Driving in the winter means snow, sleet and ice that can lead to slower traffic, hazardous conditions and unforeseen dangers. A slick highway road can easily lead to a tragic accident due to hydroplaning. Of all dangerous weather conditions to drive in, wet pavement accounts for 5,500 yearly deaths.
Just a week ago, there was a driver in Salt Lake City who had lost control as he was driving on slick conditions. His car plunged down a 10-foot embankment and flipped over in the Logan River. If not for the 10 strangers driving by who courageously jumped into the icy river to free the three children trapped inside, this story might not have had a happy ending. Fortunately, the rescuers helped turn the car upright and were able to free the children.

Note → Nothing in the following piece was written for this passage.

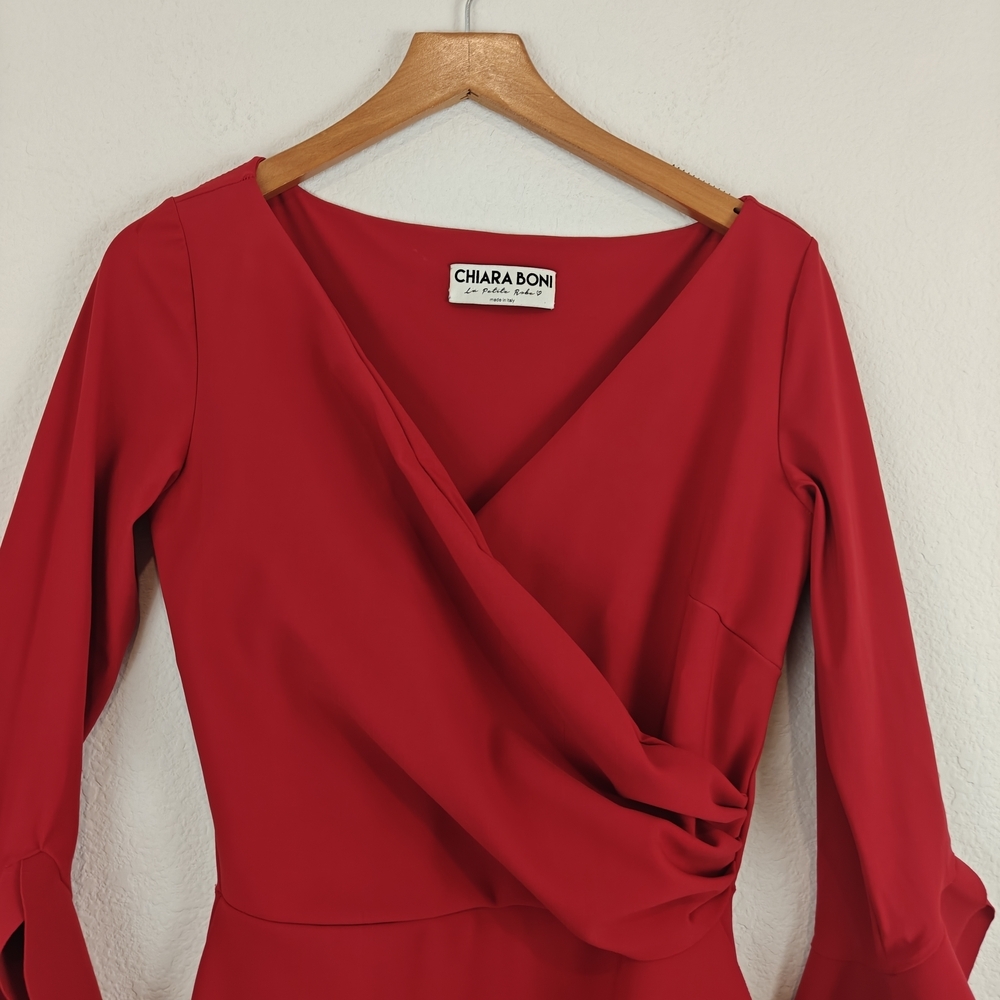 Chiara Boni La Petite RobeTrina Ruffle Sheath 3/4 Sleeve Dress Sz 8 - Picture 14 of 16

There are a few simple steps one can take to avoid a tragic situation. First and foremost – always buckle up. No matter what the weather is, everyone in the car should have their seat belts fastened.
Eliminate all distractions. Driving demands our full attention. Know your car. Make sure your tires have the proper air pressure and good tread. Low tire pressure cuts fuel mileage, steering and braking traction, which is especially important when driving on slippery roads.
Always make sure you can see and can be seen. Clear all windows and outside mirrors; turn on headlights to low beam (even in daylight). Be on the lookout for hazards, such as traffic tie-ups, slippery hills or any other situation where you may need to stop. Slow way down, leaving plenty of following distance behind the next vehicle – at least six to eight seconds on slippery roads, and try to leave an “out” to one side.
Accelerate, brake and steer slowly and smoothly. Jerky motions increase the risk of skids. Apply steady braking. Do not pump the brakes in vehicles without antilock brakes. Keep steady pressure on unless the wheels lock, then ease up on the pedal just enough to regain traction.
Rolling wheels have more traction than locked wheels. Keep pressing the pedal firmly and steadily. Pumping brakes will remove any benefits they provide. Recover from a skid without panicking. If you start to skid, stay off the brakes and don’t shift gears. Simply look and steer in the direction you want the car to go.
When the skid is over, you will be better able to move the car to a safe spot and calm down before resuming your trip. Don’t use cruise control or overdrive on icy roads. Be especially careful on bridges, overpasses and roads that are not traveled frequently, as they will freeze first. Even at temperatures above freezing, if conditions are wet, you could encounter ice in shady areas.
Never pass snow plows or sanding trucks as these drivers have limited visibility. You are more likely to find the road in front of the plows worse than the road behind. Even four-wheel and front-wheel drive vehicles can encounter trouble on winter roads, so do not assume your vehicle can handle all conditions.
Remember, road safety is a state of mind; accident is an absence of mind.